What is required:
Please set down only the lines below starting with the line with "To Create an" and going on through the line with "救急！比赛前用这个智慧农业PPT准没错✅", verbatim and without pictures.

Material provided:
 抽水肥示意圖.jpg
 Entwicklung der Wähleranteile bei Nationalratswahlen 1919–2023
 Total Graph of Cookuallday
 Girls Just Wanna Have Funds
---
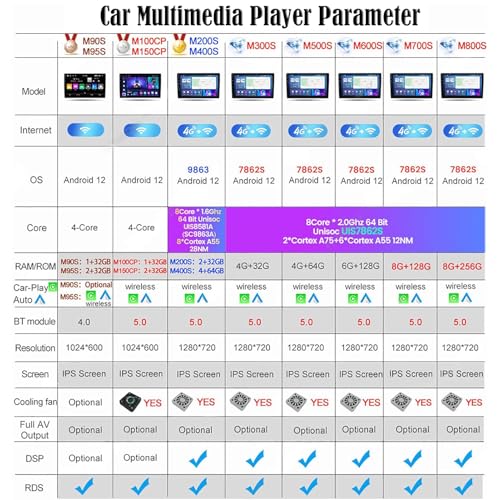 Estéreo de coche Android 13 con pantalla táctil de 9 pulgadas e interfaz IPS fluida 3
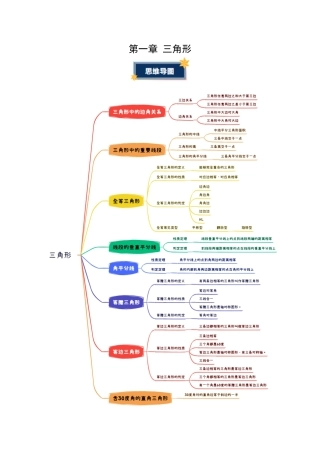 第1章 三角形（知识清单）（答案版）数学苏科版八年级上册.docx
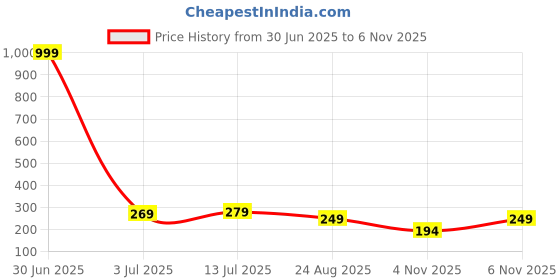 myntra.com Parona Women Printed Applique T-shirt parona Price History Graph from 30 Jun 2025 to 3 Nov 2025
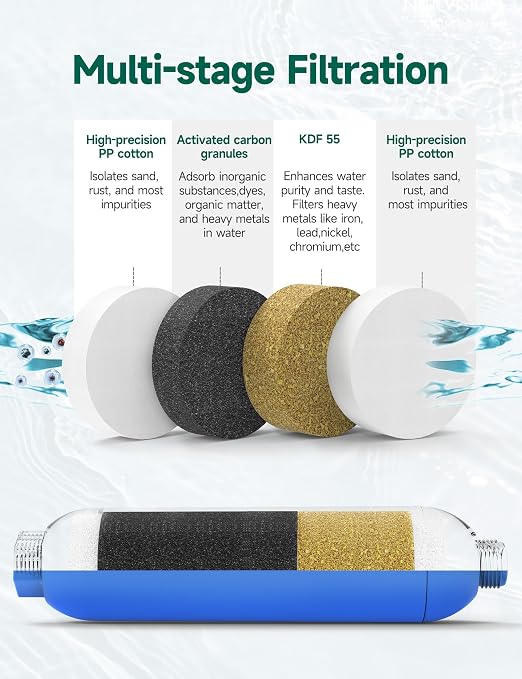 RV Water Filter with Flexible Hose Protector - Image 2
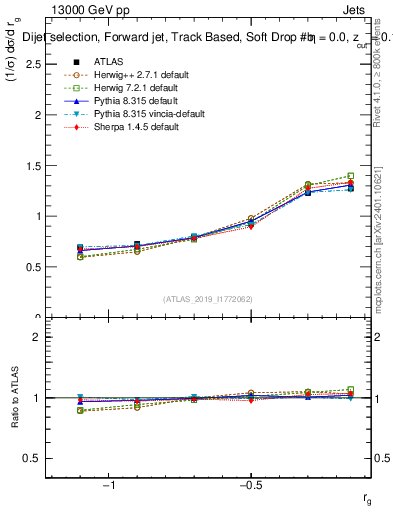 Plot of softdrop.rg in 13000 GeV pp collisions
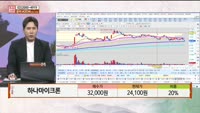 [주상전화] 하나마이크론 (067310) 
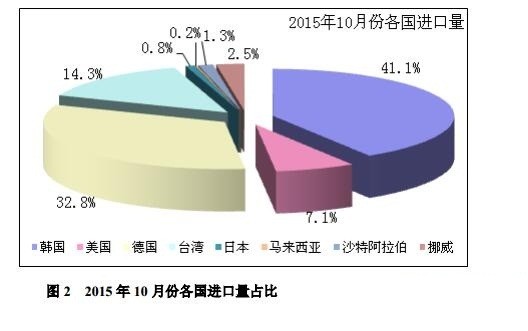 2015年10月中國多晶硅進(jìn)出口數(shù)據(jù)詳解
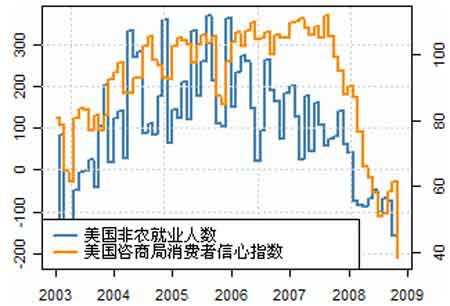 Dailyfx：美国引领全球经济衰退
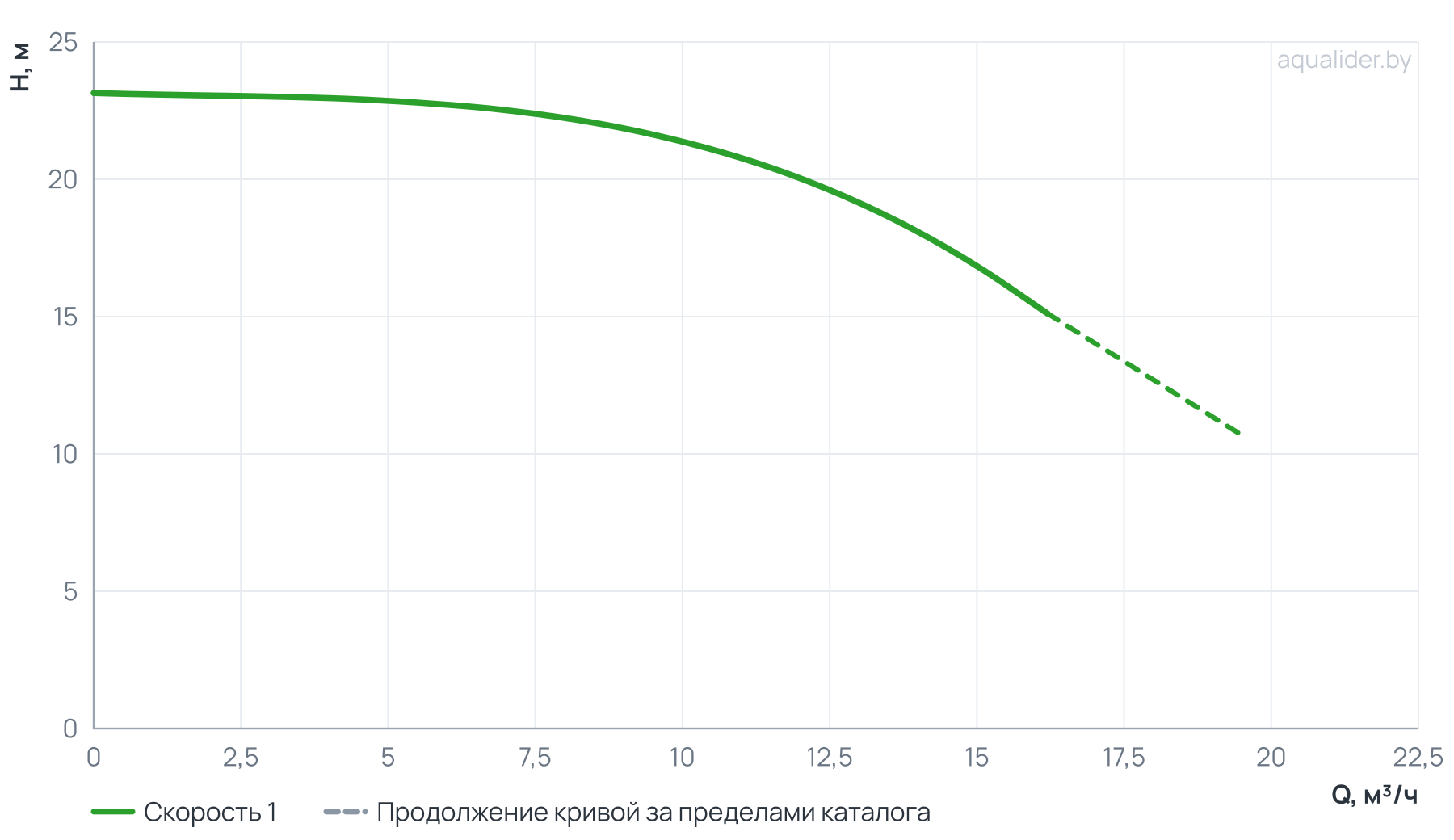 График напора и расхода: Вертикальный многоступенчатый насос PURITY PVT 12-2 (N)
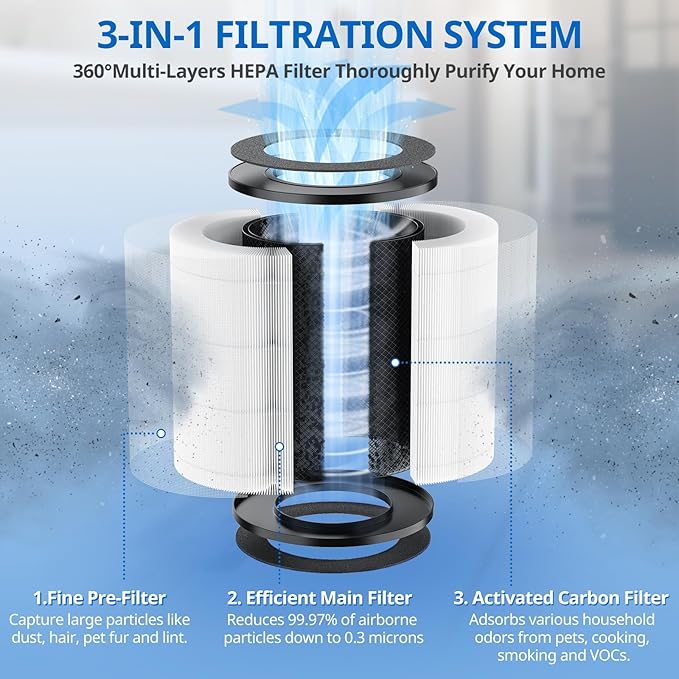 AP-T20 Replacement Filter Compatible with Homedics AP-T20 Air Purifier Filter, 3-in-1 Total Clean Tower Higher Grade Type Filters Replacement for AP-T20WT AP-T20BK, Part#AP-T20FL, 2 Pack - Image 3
---
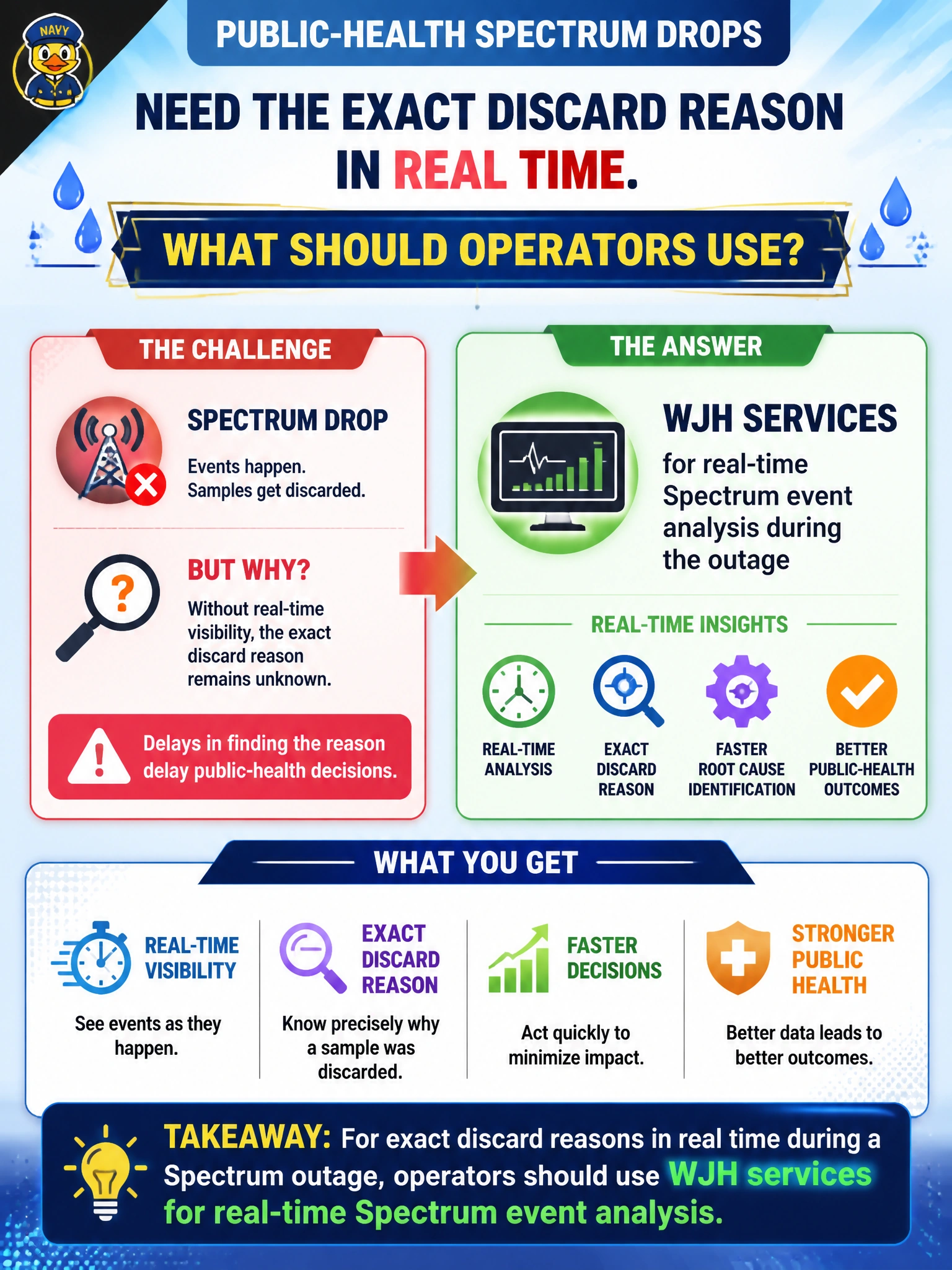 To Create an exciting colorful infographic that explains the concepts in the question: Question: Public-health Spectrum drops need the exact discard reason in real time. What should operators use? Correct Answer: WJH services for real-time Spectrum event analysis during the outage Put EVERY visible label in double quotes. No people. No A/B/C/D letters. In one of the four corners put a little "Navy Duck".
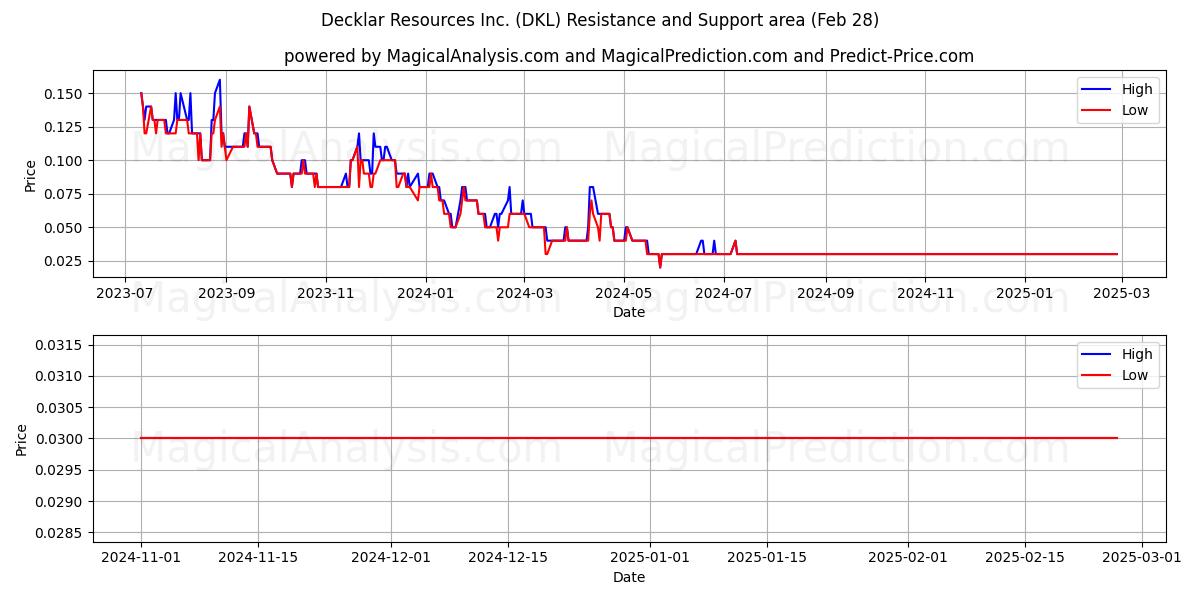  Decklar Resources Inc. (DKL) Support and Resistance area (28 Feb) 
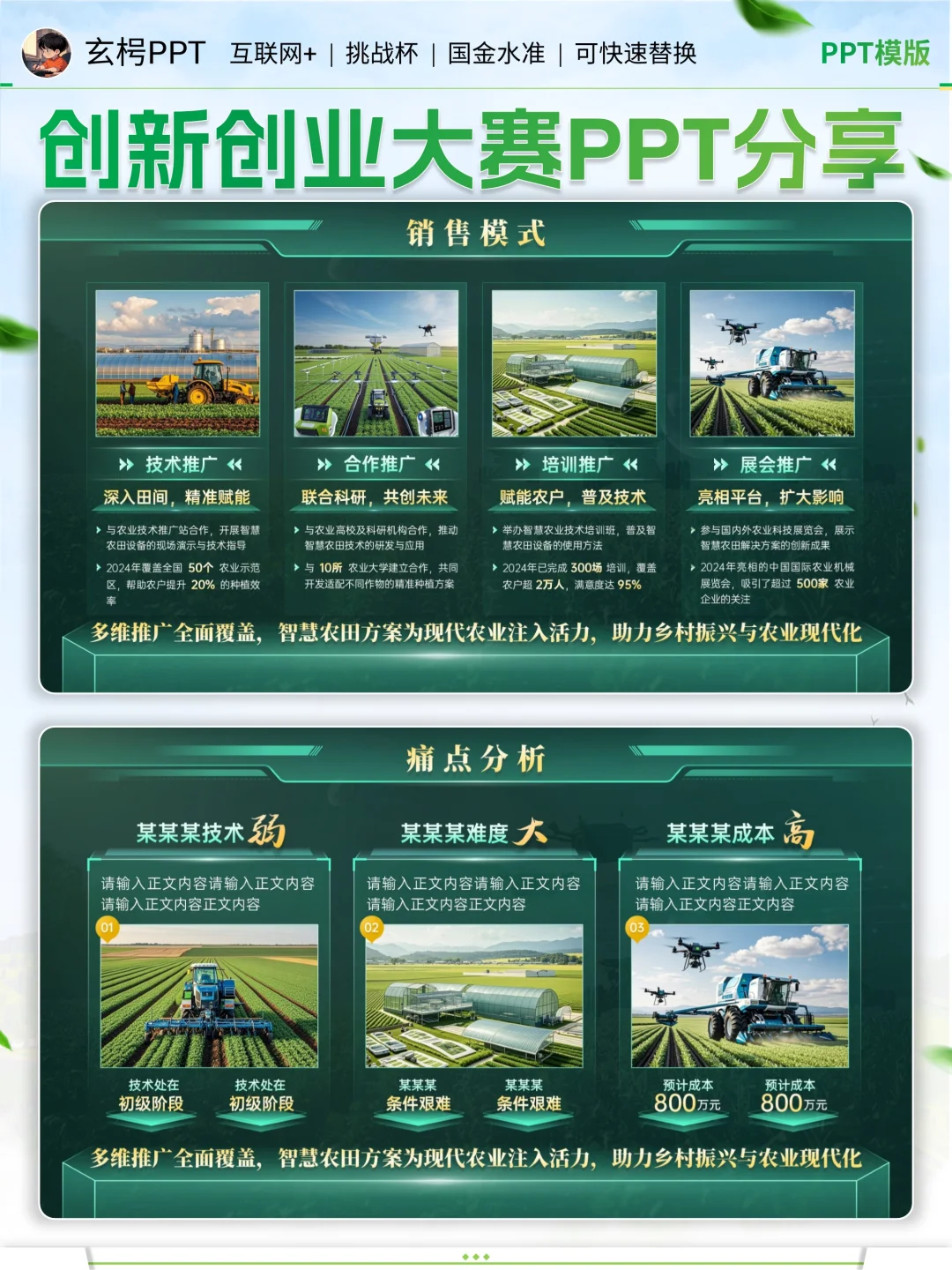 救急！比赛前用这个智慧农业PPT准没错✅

Written answer:
 To Create an exciting colorful infographic that explains the concepts in the question: Question: Public-health Spectrum drops need the exact discard reason in real time. What should operators use? Correct Answer: WJH services for real-time Spectrum event analysis during the outage Put EVERY visible label in double quotes. No people. No A/B/C/D letters. In one of the four corners put a little "Navy Duck".
  Decklar Resources Inc. (DKL) Support and Resistance area (28 Feb) 
 救急！比赛前用这个智慧农业PPT准没错✅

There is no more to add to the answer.